Quand on va à un concert, on n’y va pas juste pour les chansons, mais pour l’ambiance. Et la popularité du groupe ne fait pas tout : s’ils ne convainquent pas la foule, l’ambiance reste plate. Le public était pourtant gonflé à bloc au début, mais le groupe n’a pas réussi à garder cette énergie dans l’assistance. Si c’est juste pour écouter les chansons qu’on adore, on prend la playlist Spotify des Red Hot Chili Peppers et on l’écoute en boucle. En live, on veut voir l’artiste se donner à fond et communier entièrement avec le public. Un simple exemple : tous les riffs de guitare des Red Hot étaient faits entre eux, en se regardant les uns les autres. À aucun moment ils ne sont venus vers le public ou ne se sont avancés sur la plateforme. Le public aime voir les musiciens jouer comme ça entre eux… mais pas à chaque chanson. Car là, clairement, on avait l’impression d’assister à leurs répétitions dans un garage, pas à un concert devant 80 000 personnes.

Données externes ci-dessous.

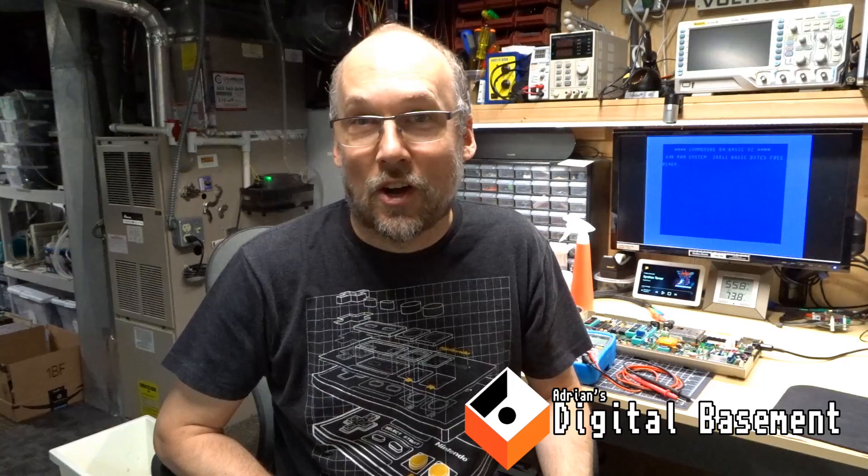Hi everyone, welcome back to Adrian's Digital Basement, or rather, Adrian's Commodore Basement. That's right, we're going to get back into some Commodore videos.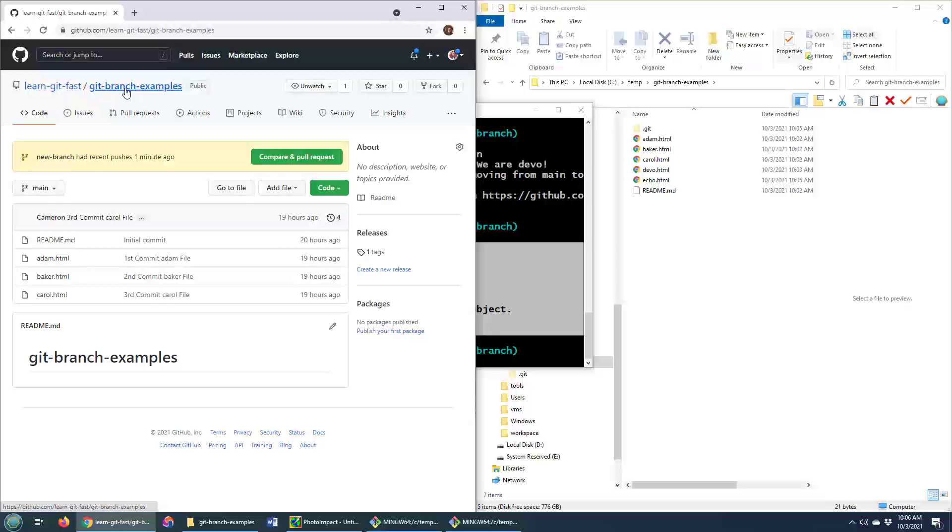Anyways, there you go. That is how you push a local git branch to a remote GitHub repository.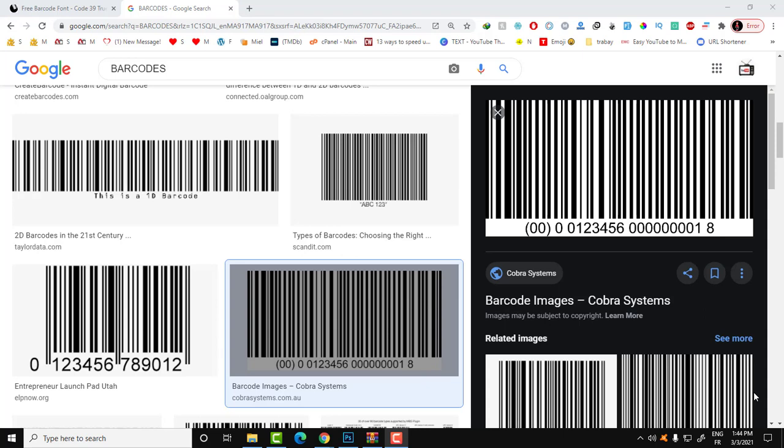Hi guys, welcome to Fix It Free. In this video, I decided to do a tutorial about how to create and generate a barcode for a product in Adobe Photoshop. This will be a simple, beginner-friendly video for people that have no knowledge about Photoshop and how to work with it. So let's start.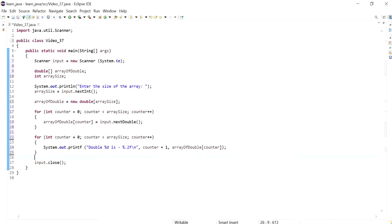Hi everyone, in this video I'm going to explain what array index out of bounds exception is and how we can avoid it from happening.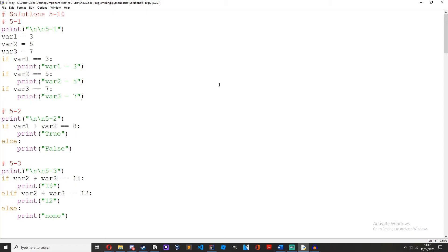Okay so here we can see all the solutions. First let's go through the episode 5 solutions. The first challenge was to create 3 if statements that prove true depending on a variable being equal to a number.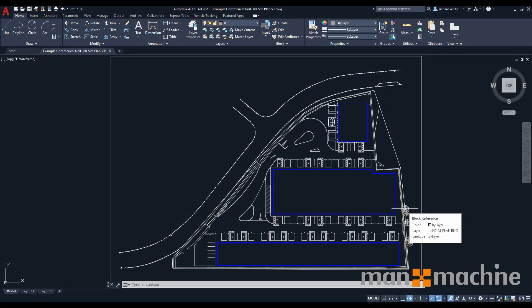Hi, I'm Richard White, Senior BIM Consultant for Man Machine. Today we're going to be looking at Autodesk's vehicle tracking software within your AutoCAD design environment. Vehicle tracking is now available as part of your AEC collection and can be easily installed through the installation tools.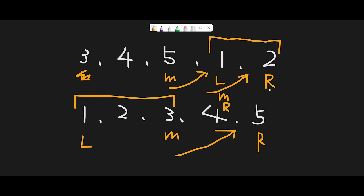When we move the right pointer, there's a possibility that the middle pointer itself is the smallest number. That's why when we move the right pointer, we set it to middle, not middle minus 1. Now left and right pointers are both pointing at 1, so we finish the binary search and return the left number.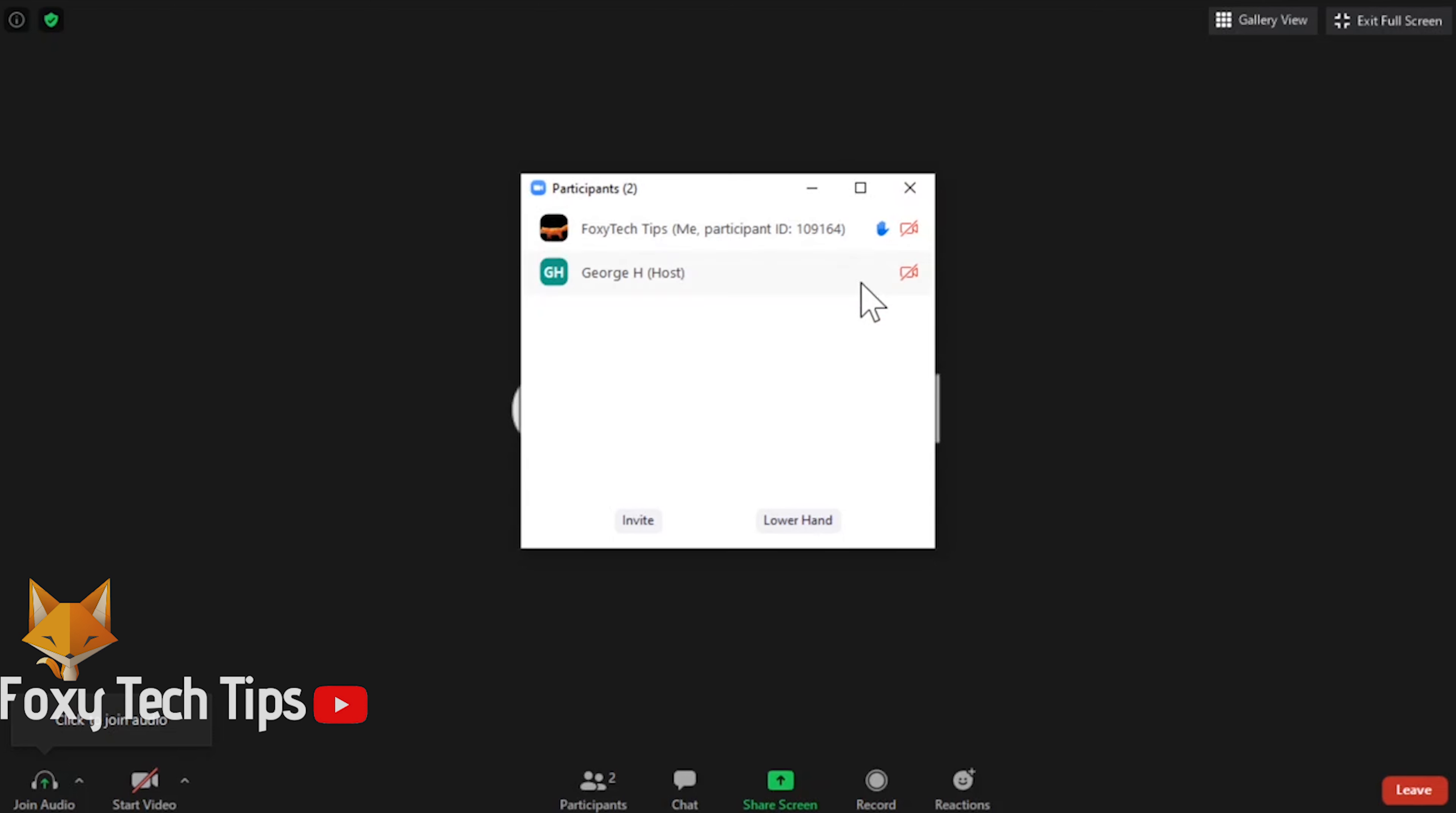If your question is answered or if you forget what you wanted to say, you can also lower your hand. To do that, just click the lower hand button from the bottom of the popup.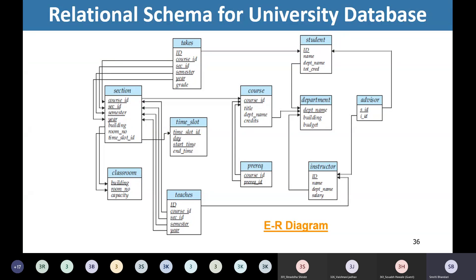In our further discussion, we are going to refer to our running example of the university database. We are referring to this relational schema for our university database. I want you to remember this relational schema, or you should always have a copy of this relational model with you.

Certains diront que c’est la nonchalance légendaire du groupe et qu’on les aime aussi pour ça. Mais force est de constater que ça ne fonctionne pas vraiment, et ça se remarque encore plus en festival. Durant ces quatre jours, on a vu des scènes et des publics beaucoup plus restreints avec une ambiance de folie. Le public était incroyablement calme en ce dimanche soir, entre déception et frustration, et on ne peut pas lui en vouloir. La foule était simple spectateur, et le pire, c’est qu’on ne leur demandait même pas de participer. Les festivaliers ont donc assisté à un concert sans relief, où même le feu d’artifice a été tiré après la fin du concert et du discours de clôture du festival.

Pour cette dernière journée de festival, j’aurais mieux fait d’aller écouter Lost Frequencies en live et Meute, la fanfare techno allemande. Pour consoler la nostalgie de mon adolescence, je vais me cantonner aux CD et éviter les Red Hot (et The Killers aussi finalement) en concerts.